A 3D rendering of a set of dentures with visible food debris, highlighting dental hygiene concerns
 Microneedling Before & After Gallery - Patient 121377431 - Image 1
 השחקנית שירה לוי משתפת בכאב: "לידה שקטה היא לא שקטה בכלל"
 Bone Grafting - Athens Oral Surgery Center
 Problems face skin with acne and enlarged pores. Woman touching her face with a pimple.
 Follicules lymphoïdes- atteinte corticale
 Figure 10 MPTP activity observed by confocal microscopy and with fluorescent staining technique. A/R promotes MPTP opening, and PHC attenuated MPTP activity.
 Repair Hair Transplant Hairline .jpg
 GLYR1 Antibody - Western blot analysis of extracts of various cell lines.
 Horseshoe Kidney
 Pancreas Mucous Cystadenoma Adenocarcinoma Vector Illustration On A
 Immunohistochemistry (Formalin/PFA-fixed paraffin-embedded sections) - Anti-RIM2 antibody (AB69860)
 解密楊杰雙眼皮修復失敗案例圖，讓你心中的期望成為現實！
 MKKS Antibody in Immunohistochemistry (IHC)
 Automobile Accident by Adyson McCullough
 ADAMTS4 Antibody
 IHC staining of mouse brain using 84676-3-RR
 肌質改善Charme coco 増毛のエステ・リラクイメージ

---

WHAT IS REQUIRED :: Find each line in the records that includes the word "with". Report the total and nothing more.

RESPONSE TO THIS TASK :: 3